Марло пристально смотрел в филенчатое окно, хотя снаружи было темно; он наблюдал, как отблески светильников золотят стеклышки, и думал о том, как Тамерлан жег города, чтобы почтить память своей царицы, прекрасной Зенократы[39]. Просто описать пожар будет недостаточно эффектно, нужен огонь на сцене.
– Магистры колледжа предложили вас исключить, – ровным голосом сказал Уолсингем. – Они говорят, что вы не посещали занятия.
Марло повернулся к сэру Фрэнсису. Тот сидел за маленьким письменным столом.
– Конечно, не посещал. Я был за границей. Как вам известно.
Уолсингем и бровью не повел.
– Вы дебошир.
– Значит ли это, что я не гожусь в убийцы?
– И еще говорят… – старик помолчал и немного нахмурился, – что вы неблагочестивы.
– Что ж, – с внезапной горечью ответил Марло, – все одно, повесят тебя как убийцу или как богохульника.
– Что мне с вами делать, юноша?
– Что вы делали со мной в Реймсе? – парировал Марло.
– Пустил в ход, – так же без запинки ответил Уолсингем, – как мастер пускает в ход добрый инструмент.
– И работа была что надо. – Марло свел ладони и отвернулся. – Все эти смерти в маленькой комнате[40]. – Он снова посмотрел на Уолсингема. – Где вы нашли этого мерзавца?
– Поули?[41]
– Даже у бесов есть имена.
– Он сидел в тюрьме за насилие.
– О. Так, значит, он не дилетант. Не самородок.
– По возвращении вы таким не были. Что возбудило в вас такие чувства?

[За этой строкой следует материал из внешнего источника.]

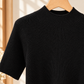 Finely Ribbed Lightweight Mock Neck Top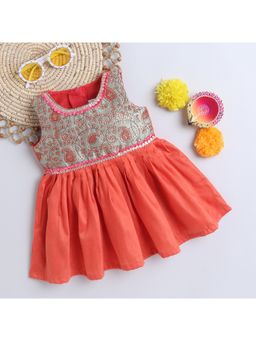 Many Frocks - Girls Orange Embellished Brocade Dress with Jacket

– Время, – ответил Марло. – И богохульные мысли. Господь велел нам не убивать, а во Франции мы убивали.
– Избавьте меня от школярской логики…
– Bene disserere est finis logices[42], – сказал Марло. Хорошо рассуждать – цель логики.
– …эти люди были предателями родины, убийцами и замышляли цареубийство.
– И заслужили смерть, ибо жили дурно.
– Именно так, – будничным тоном ответил Уолсингем.
Наступило долгое молчание. Потом Марло сказал:
– Я ухожу из университета.
– Куда?
– Моя пьеса почти закончена. Я собираюсь поехать в Лондон, поставить ее там.
– Это «Царица Карфагена»?
– Она мне не нравится, я ее отложил. Я написал пьесу о Тамерлане.
Сэр Фрэнсис кивнул.
– Эпическую, надеюсь.
– Скажу, милорд, размах ее велик.
Уолсингем хохотнул над импровизированной стихотворной строчкой.
– Добиться внимания труппы и постановки проще со связями. Выпускнику университета легче заводить связи. До конца семестра не так уж много времени.
– Вы сами сказали, что меня намерены исключить.